# Kids these days



## roirizla (Dec 3, 2010)

To combat the Xbox generation, every so often, I take the neighbour's kid shooting with me & at 14, he's a much better kid than I ever was - it's interesting to see how the testosterone and hormones changes a kid at this age. You'll see, he's a pretty funny guy & I enjoy his company.

Yesterday, we went shooting a whole bunch of aerosol cans that I've been saving up.

I work with a bunch of guys who's job it is to investigate faulty aerosols that have been returned. Once they are done with them, they save em for me 






Thanks for watching


----------



## Can-Opener (May 11, 2013)

Bravo!  The aerosols never stood a chance  Good job taking the young man shooting he is funny


----------



## Charles (Aug 26, 2010)

Give that lad some square steel ammo ... that will do the job. Alternatively, try some rebar cutoffs. Good on ya for taking the boy out with you.

By the way, where did you get all those aerosols?

Cheers ..... Charles


----------



## roirizla (Dec 3, 2010)

Charles said:


> Give that lad some square steel ammo ... that will do the job. Alternatively, try some rebar cutoffs. Good on ya for taking the boy out with you.
> 
> By the way, where did you get all those aerosols?
> 
> Cheers ..... Charles


I do work for a company that manufactures these products so whenever they do not work like they are supposed to, for whatever reason, they are called in, investigated and exposed of.

The guys who deal with these things save the cans up for me & I'm only too happy to help them dispose of it.

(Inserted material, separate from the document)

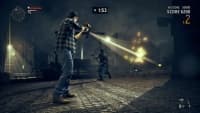 Alan Wake's American Nightmare PC Steam CD Key screenshot 2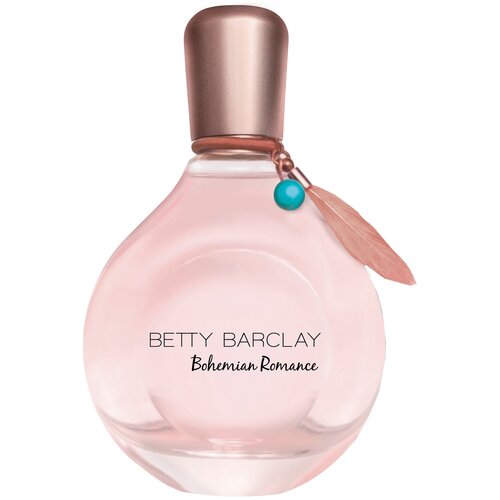 Betty Barclay Bohemian Romance Туалетная вода 50мл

Cheers for the ammo tip. Do you think 8mm hexnuts would also work?


----------



## Tentacle Toast (Jan 17, 2013)

It takes a village, man...good on you


----------



## Tag (Jun 11, 2014)

Excellent video!!!! You two make a great team.


----------



## Charles (Aug 26, 2010)

roirizla said:


> Charles said:
> 
> 
> > Give that lad some square steel ammo ... that will do the job. Alternatively, try some rebar cutoffs. Good on ya for taking the boy out with you.
> ...


The hex nuts would be a good thing to try if you can get them cheaply. The point is ... to have a point! ... or at least an edge.

Cheers .... Charles


----------